By Pooya Stone


U.K. Prime Minister Boris Johnson says that Iran is responsible for an attack against the facilities of Saudi oil giant Aramco.

NEW YORK – The Associated Press reported on 23 September 2019: “Britain has concluded that Iran was responsible for attacks on oil facilities in Saudi Arabia.” AP added that U.K. Prime Minister Boris Johnson said on Sunday that his country would consider taking part in a U.S.-led military effort to bolster the Gulf kingdom’s defenses. This comes while Iran’s president announced plans for a rival Iranian-led security coalition.

On 23 September, The Guardian reported also that the British Prime Minister Boris Johnson spoke to reporters on his plane en route to the UN General Assembly (UNGA) in New York:

“The UK now believes Iran was responsible for a major attack earlier this month on Saudi Arabian oil facilities, Boris Johnson has said, also raising the possibility that the British military could become involved in helping secure the Saudis against future aggression.”

The announcement by Boris Johnson is a change in the country's stance on the Aramco attacks.
The 14 September attacks by the Iranian government on Saudi oil facilities have raised tensions in the region.

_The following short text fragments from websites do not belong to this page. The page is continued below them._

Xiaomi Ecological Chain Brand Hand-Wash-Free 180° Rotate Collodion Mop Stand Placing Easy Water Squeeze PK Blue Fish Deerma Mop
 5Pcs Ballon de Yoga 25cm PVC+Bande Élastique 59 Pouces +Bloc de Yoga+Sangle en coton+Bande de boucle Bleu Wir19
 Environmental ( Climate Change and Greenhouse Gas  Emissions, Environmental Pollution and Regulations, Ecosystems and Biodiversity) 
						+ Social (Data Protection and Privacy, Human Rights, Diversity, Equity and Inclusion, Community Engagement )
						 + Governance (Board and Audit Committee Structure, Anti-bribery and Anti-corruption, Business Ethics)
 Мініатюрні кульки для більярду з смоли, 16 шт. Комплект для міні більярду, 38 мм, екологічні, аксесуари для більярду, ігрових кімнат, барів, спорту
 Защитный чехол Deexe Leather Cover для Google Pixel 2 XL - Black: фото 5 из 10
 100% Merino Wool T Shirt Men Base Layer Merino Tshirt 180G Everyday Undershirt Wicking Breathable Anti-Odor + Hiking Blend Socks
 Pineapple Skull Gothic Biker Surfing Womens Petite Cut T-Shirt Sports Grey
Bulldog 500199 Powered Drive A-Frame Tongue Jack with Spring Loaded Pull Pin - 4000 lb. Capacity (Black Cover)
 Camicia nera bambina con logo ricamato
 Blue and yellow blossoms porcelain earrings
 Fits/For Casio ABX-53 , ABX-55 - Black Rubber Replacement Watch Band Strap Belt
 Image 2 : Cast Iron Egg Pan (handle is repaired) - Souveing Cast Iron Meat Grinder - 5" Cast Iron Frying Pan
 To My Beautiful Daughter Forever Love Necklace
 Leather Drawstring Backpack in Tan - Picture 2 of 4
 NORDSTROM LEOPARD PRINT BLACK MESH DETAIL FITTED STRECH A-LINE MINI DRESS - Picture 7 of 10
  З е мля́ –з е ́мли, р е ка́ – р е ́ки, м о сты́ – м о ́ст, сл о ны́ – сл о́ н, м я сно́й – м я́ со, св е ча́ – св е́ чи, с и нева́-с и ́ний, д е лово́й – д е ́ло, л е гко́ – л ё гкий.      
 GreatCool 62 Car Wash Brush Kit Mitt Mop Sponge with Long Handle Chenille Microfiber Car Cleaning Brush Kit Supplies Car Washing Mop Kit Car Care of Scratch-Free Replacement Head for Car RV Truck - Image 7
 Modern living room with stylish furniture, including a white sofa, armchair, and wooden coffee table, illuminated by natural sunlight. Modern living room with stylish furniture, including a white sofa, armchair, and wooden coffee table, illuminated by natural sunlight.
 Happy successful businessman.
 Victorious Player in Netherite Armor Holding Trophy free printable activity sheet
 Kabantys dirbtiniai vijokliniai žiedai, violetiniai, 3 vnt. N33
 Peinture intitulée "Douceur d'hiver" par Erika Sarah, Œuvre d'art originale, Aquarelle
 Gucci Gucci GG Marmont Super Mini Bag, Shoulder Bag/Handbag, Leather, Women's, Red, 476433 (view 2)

On the one hand, Iran is trying to take advantage of these conditions to ease pressure from sanctions, while on the other, it tries to portray itself as strong to give hope to government loyalists.

Ahmad Alam al-Hoda, the Friday prayers Imam of the Iranian government in Mashhad, said at Friday prayers on September 5, "Today, Iraq's Hezbollah is Iran; Hezbollah is Iran; Ansarollah in Yemen is Iran; the nationalist front in Syria is Iran; the Palestinian Islamic Jihad is Iran; Palestine’s Hamas is Iran.”

Referring to Ali Khamenei, the Supreme Leader of Iran, he said: "[Khamenei] has declared that resistance in the region has one imam [leader] and that he is the supreme leader of the Islamic Revolution of Iran ... Today, Iran’s issue is no longer one country and isn’t limited to geographical borders. ”

On the eve of the UN's annual summit in New York, U.S. Treasury Secretary Steve Mnuchin said in a NBC television interview on 22 September: “I think this is an example of it’s absolutely working because what we have done is we have cut off the Iranian regime’s money and they are now desperate.

So all these actions are because their economy is suffering. They are running out of money and these are all signs of desperation, so our maximum pressure campaign is about weakening around so that they can’t spend money on terror. So, I think this is absolutely a sign of desperation that the campaign is working.”